Dataset records

* * * * * * * * *

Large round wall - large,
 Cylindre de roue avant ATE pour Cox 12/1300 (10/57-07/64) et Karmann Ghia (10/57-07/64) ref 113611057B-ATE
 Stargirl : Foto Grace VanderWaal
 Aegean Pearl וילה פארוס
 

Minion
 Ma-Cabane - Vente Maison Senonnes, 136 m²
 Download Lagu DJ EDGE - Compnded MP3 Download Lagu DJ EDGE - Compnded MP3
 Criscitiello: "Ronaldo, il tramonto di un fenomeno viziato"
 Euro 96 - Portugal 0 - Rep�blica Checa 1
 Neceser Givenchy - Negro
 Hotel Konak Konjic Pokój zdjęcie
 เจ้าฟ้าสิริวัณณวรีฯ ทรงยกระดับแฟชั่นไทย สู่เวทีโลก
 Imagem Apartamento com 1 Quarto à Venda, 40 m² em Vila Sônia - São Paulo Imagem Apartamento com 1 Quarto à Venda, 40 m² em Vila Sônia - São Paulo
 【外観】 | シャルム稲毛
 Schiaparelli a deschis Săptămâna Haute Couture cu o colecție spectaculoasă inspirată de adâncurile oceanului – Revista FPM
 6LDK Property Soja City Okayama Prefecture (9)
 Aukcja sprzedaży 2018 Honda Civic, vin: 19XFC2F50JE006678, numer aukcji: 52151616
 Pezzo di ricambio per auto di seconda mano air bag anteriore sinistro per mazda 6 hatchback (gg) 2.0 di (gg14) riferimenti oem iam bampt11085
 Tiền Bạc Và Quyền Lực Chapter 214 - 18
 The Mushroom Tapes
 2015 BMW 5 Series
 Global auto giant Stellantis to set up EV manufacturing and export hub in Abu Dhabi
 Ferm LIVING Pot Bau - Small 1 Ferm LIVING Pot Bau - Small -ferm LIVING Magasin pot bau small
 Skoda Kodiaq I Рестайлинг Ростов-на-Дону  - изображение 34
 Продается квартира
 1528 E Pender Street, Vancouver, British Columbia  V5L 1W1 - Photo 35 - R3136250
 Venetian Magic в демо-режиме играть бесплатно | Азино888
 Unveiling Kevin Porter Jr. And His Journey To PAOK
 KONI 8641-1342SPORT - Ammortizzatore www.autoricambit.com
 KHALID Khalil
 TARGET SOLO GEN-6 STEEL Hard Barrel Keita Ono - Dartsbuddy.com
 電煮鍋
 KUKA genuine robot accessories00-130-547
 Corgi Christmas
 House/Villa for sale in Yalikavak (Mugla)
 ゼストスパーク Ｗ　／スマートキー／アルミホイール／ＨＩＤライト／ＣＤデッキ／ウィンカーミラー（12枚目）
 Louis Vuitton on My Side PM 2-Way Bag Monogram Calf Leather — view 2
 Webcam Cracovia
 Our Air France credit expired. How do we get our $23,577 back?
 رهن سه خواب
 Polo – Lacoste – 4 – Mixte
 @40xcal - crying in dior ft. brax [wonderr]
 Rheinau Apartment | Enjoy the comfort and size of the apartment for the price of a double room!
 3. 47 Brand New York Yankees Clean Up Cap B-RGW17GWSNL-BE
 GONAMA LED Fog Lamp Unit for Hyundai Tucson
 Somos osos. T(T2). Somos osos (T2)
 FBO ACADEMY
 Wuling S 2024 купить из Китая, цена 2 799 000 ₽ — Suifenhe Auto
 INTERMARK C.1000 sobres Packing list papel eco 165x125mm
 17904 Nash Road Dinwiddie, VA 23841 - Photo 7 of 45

* * * * * * * * *

WHAT THE TASK REQUIRES.
Nothing but the lines from the start of the data above through the line with "Ma-Cabane - Vente Maison Senonnes, 136 m²" should appear in your answer, copied exactly.

EXERCISE ANSWER.
Large round wall - large,
 Cylindre de roue avant ATE pour Cox 12/1300 (10/57-07/64) et Karmann Ghia (10/57-07/64) ref 113611057B-ATE
 Stargirl : Foto Grace VanderWaal
 Aegean Pearl וילה פארוס
 

Minion
 Ma-Cabane - Vente Maison Senonnes, 136 m²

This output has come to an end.